Patty Stair, 1898. From Rupert Hughes, "Music in America - IX - The Women Composers." Godey's Magazine 132(January 1896):32. Rare Book and Special Collections Division, Library of Congress. Call number: AP2.G56
Patty Stair was born in Cleveland, Ohio, November 12, 1869. She attended the Cleveland public schools and the prestigious Hathaway Brown School for Ladies—the oldest private girls' school in Cleveland. The niece of well-known tenor Edwin Stair, she came from a family that encouraged her to study music at an early age. She began teaching music, serving as church organist, and composing at the age of fourteen. Her music studies occurred exclusively in Cleveland, much of them between 1882 and 1892 with Franklin Bassett, Director of the Cleveland Conservatory of Music.

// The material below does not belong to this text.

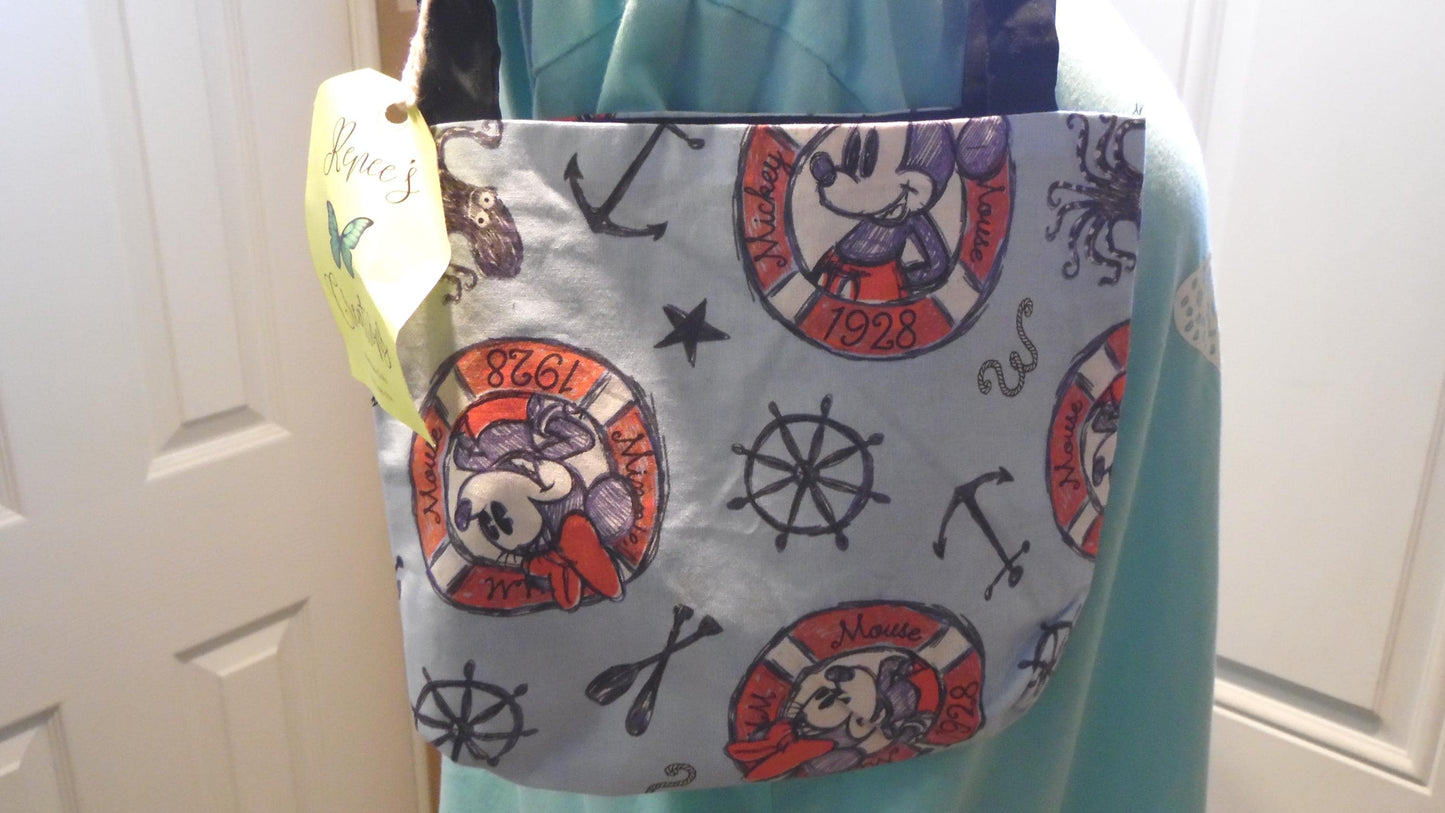 Toddler Mickey Mouse Tote Bag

From 1889 to 1921, Stair taught organ at the Cleveland Conservatory of Music, which was affiliated for a short time with the College for Women at Case Western Reserve University. An active church organist, she served Cleveland's First United Methodist Church, First Baptist Church, Windemere Methodist Church, and Wade Park Methodist Church. Her activity both as organ teacher and professional church musician led to her acceptance as the first female member of the Ohio Chapter of the American Guild of Organists and president of the Women's Music Teachers Club of Cleveland. Stair was especially involved in Cleveland's Fortnightly Music Club, where she served as chorus director for a number of years.

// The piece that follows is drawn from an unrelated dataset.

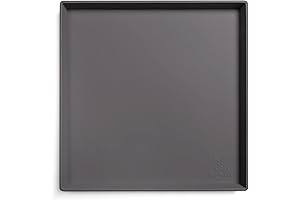 DogBuddy Dog Food Mat: Non-Slip, Waterproof Protection for Mess-Free Pet Feeding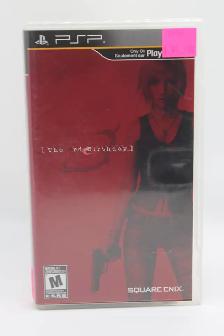 The 3rd Birthday - CIB - PSP (#7410)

Stair's compositions include two light operas, an intermezzo for orchestra, some fifty songs, anthems, and instrumental works for violin, piano, and organ. Some of her better-known pieces are Minuet and Little Dutch Lullaby (for women's voices), and These Are They, an anthem for mixed voices. Her many unpublished songs were donated to the Library of Congress in 1917. Never married, Stair died of pneumonia, April 26, 1926, at her home in East Cleveland.